新城彰の本棚

ミステリー好きの自分勝手なコメント

「名機」の分かれる評価

 このところ太平洋戦争を舞台にした懐かしい架空戦記を紹介しているが、それらの中で必ず登場するのが「零式艦上戦闘機」、通称「ゼロ戦」である。秦郁彦氏は大蔵省から読売新聞の嘱託となり、近代史(特に戦史)の研究者として多くの著作を発表している。本書は、実際にゼロ戦に乗ったり、これと戦った人のインタビューも含めて数人のチームでまとめたものだ。20のエピソードの中には戦闘機同士の一騎打ちもあれば、重爆撃機の迎撃、果ては「特攻」まで多くのバリエーションがある。

 

零式艦上戦闘機11型(A6M2)

・エンジン 950馬力

・高度 4,200m

・全備重量 2.4トン

・翼面積 22.4㎡

・翼面荷重 104

・速力 510km/h

・兵装 7.7mm×2、20mm×2

 

 特筆すべきは極めて長い航続距離、最大のタンクを持ち落下増槽までつけた21型は、3,350km飛べたという。
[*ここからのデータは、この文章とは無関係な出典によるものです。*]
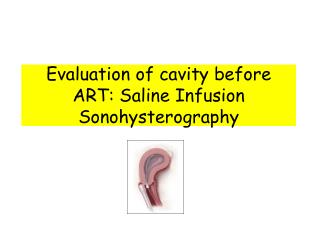 Evaluation of cavity before ART: Saline Infusion Sonohysterography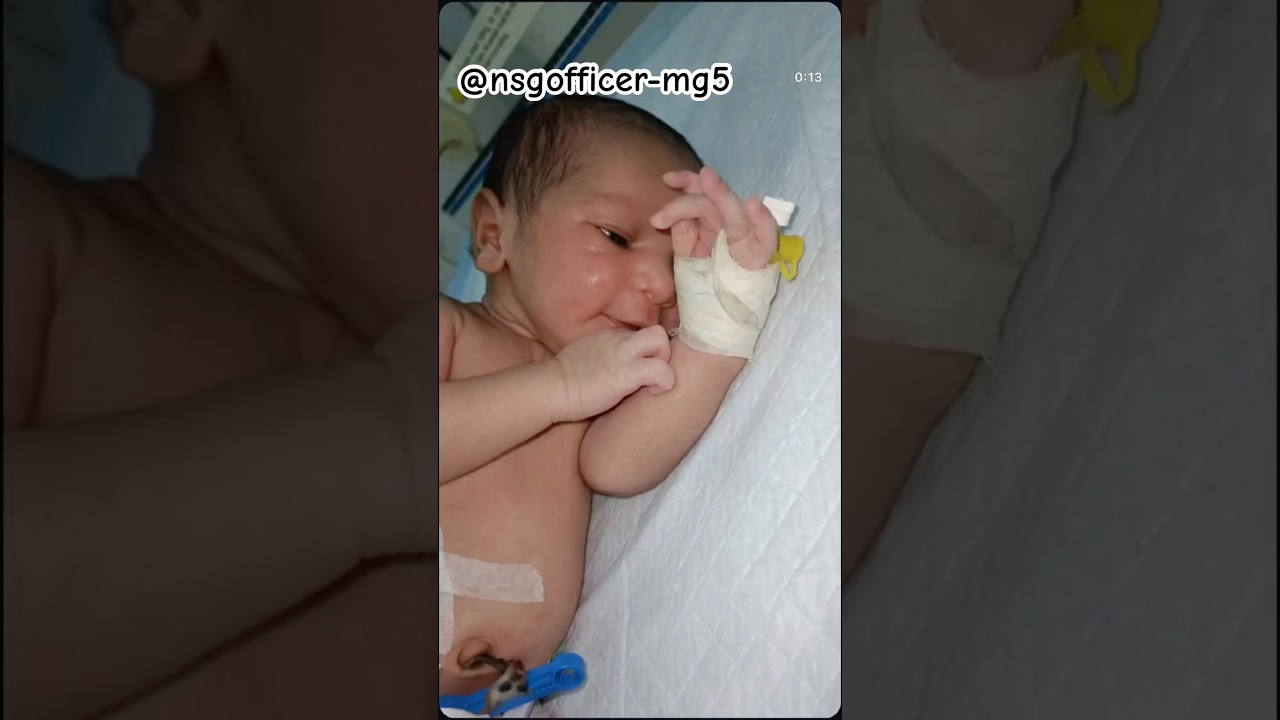 😴cute preterm baby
Bf109が約1,000km、スピットファイアが約1,800km、F4Fでも約2,500kmだった。旋回性能はこれらの重戦闘機を寄せ付けないもので、巴戦になれば勝利は確実だった。

 

        f:id:nicky-akira:20210201090022j:plain

 

 ただ防弾設備はないに等しく、構造上速力に限界があり、連合軍が一撃離脱戦法をとり、2,000馬力級の新鋭機を繰り出してくると被害が急増した。緒戦では華々しい活躍をしたものの、最後は特攻機として消費された悲劇の機体である。

 

 米国戦闘機の機銃が12.7mm、英国戦闘機は7.7mmが主体だったころに20mm2門の機関砲は重武装だった。しかし搭載できる弾数は60発/門で、射程距離も短かったようだ。初期の台南空エース坂井三郎は、主として7.7mmを使ったという。それならスピットファイアのように7.7mm8門にした方が、役に立ったかもしれない。

 

 評価の分かれる機体ゆえ、「紺碧の艦隊」では早々に生産終了となり、佐々木譲「ベルリン飛行指令」では、ヒトラーが英国上空の戦いのために長距離戦闘機を求め、1機がベルリンに到着するが「構造が弱く、防弾設備もない」として不採用になっている。

 

 本書のエピソードで面白かったのは、豪州ダーウィンを巡る戦闘で、零戦スピットファイアが闘っていること。結果は、零戦の優勢勝ちだったようだ。艦上戦闘機としての制約を外し、その分搭乗員や燃料タンクの防護を増やしたら、もう少し活躍できたのかもしれませんね。